Pie reads its configuration from ~/.pie/config.toml by default. The file is split into five sections — [server], [auth], [telemetry], [runtime], and one or more [[model]] array-of-tables entries. pie config init writes a working default; this page documents every key.

Schema

[server]
host = "127.0.0.1"
port = 8080
verbose = true
registry = "https://registry.pie-project.org/"
python_snapshot = true
# max_concurrent_processes = 64

[auth]
enabled = false

[telemetry]
enabled = false
endpoint = "http://localhost:4317"
service_name = "pie"

[runtime]
worker_threads = 8
wasm_max_instances = 1000
wasm_max_memory_mb = 4096
wasm_warm_memory_mb = 0
wasm_warm_slots = 100
allow_fs = false
fs_scratch_dir = "/tmp/pie"
allow_network = true
network_allowed_hosts = ["*"]
max_upload_mb = 256

# One or more model blocks. Use `[[model]]` (array-of-tables); the first
# entry is the implicit default for inferlets that don't specify a model.
[[model]]
name = "default"
hf_repo = "Qwen/Qwen3-0.6B"

[model.scheduler]
batch_policy = "adaptive"
request_timeout_secs = 120
default_endowment_pages = 64
admission_oversubscription_factor = 4.0
restore_pause_at_utilization = 0.85
# default_token_limit = 100000

[model.driver]
type = "cuda_native"
device = ["cuda:0"]
tensor_parallel_size = 1
activation_dtype = "bfloat16"
random_seed = 42

[model.driver.options]
gpu_mem_utilization = 0.85
max_batch_tokens = 10240
max_batch_size = 512

[model.driver].type is a discriminator. Embedded drivers (portable, cuda_native, dummy) run inside the pie process.
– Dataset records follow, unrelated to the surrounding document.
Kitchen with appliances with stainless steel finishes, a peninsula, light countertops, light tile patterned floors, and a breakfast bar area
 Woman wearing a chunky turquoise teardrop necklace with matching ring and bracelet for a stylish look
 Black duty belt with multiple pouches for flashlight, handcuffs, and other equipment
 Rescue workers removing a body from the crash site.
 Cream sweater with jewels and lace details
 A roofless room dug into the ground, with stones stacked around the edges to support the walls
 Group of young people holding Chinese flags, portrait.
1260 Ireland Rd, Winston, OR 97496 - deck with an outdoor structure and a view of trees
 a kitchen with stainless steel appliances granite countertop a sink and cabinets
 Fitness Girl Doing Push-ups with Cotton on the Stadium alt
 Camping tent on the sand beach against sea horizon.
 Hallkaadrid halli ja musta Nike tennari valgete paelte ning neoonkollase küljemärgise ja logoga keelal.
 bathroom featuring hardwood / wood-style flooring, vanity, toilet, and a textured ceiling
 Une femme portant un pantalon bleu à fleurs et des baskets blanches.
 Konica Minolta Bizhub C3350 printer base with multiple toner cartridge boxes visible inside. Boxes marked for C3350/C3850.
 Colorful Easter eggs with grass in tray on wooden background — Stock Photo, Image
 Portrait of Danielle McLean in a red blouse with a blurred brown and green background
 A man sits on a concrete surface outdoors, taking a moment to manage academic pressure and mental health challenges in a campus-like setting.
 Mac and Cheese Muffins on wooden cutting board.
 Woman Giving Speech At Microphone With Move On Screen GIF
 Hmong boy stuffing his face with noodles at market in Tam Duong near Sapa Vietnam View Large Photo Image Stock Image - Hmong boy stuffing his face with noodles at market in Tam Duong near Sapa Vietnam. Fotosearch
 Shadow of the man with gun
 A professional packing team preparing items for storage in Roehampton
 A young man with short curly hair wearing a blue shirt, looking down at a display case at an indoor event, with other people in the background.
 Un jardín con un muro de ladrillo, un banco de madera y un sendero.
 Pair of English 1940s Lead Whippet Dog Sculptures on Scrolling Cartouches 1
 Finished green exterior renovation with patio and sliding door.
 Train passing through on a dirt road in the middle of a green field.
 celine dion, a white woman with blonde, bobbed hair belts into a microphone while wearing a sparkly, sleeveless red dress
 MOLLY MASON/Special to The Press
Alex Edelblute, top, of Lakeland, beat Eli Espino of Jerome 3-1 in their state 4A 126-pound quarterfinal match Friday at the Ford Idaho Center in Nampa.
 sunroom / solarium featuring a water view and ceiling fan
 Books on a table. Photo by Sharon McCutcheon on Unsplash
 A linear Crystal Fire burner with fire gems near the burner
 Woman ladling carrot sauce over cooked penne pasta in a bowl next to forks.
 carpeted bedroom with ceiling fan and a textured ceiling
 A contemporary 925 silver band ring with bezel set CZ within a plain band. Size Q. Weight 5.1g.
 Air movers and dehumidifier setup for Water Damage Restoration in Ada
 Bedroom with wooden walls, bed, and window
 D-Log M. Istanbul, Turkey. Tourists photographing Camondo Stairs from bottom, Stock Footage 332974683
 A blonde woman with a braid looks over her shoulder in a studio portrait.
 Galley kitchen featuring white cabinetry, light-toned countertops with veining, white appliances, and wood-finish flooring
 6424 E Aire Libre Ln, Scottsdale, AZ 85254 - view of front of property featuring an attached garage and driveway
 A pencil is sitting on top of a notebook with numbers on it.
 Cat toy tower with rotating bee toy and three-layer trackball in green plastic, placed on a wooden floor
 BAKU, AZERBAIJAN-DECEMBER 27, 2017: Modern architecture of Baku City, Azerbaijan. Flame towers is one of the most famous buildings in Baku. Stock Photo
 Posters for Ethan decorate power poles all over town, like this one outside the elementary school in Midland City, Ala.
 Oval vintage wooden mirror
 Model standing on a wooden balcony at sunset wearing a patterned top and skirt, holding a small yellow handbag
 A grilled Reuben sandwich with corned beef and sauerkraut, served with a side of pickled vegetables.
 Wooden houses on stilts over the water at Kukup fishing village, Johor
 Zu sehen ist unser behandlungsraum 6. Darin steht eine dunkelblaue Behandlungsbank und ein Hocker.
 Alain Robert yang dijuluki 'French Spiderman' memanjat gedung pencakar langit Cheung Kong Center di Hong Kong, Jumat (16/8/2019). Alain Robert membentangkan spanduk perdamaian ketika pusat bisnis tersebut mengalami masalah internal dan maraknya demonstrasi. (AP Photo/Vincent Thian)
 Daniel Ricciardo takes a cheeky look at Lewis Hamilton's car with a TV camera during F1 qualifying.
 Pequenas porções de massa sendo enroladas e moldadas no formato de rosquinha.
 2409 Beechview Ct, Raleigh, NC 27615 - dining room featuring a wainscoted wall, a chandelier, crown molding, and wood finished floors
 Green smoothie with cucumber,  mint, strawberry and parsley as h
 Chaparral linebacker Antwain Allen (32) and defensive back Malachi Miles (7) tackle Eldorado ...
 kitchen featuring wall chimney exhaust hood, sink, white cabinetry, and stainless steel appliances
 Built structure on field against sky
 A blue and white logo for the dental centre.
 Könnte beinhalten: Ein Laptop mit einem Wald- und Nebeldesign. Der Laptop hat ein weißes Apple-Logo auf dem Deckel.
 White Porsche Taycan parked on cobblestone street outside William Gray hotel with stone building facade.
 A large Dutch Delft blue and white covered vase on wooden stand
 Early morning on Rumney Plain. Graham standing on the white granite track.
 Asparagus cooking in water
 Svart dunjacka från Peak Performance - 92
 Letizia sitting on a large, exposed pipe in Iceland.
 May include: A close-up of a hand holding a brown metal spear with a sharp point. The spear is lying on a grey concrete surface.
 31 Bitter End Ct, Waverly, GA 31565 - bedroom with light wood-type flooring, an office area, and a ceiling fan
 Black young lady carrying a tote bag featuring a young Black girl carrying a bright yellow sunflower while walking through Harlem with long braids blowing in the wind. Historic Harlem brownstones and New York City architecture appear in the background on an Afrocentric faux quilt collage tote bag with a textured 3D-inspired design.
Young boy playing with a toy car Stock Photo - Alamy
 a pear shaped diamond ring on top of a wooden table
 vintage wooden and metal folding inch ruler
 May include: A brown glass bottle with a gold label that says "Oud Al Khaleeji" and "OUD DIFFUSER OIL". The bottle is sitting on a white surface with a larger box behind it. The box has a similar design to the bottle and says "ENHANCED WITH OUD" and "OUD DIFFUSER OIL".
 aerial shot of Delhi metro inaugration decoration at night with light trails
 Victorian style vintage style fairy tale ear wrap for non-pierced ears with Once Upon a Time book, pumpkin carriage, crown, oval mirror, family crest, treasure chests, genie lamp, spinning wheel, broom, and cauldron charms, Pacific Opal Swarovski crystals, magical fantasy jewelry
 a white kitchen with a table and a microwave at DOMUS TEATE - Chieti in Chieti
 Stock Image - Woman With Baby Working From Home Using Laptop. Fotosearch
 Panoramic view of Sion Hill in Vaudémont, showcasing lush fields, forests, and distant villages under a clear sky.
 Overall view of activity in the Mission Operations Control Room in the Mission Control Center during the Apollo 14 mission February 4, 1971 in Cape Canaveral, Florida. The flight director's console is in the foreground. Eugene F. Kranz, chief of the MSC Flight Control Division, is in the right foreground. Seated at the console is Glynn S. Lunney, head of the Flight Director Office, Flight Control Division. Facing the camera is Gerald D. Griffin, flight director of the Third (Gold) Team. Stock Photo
Python drivers (dev, vllm, sglang) run as supervised subprocesses. Driver-specific knobs live in [model.driver.options]; see the per-driver pages (CUDA, Portable, vLLM, SGLang) for what each backend accepts.

To add a second model, append another [[model]] block with a unique name and a device list that does not overlap any other model's.

Server keys

KeyDefaultDescription
host127.0.0.1Bind address for the WebSocket server.
port8080TCP port for client connections.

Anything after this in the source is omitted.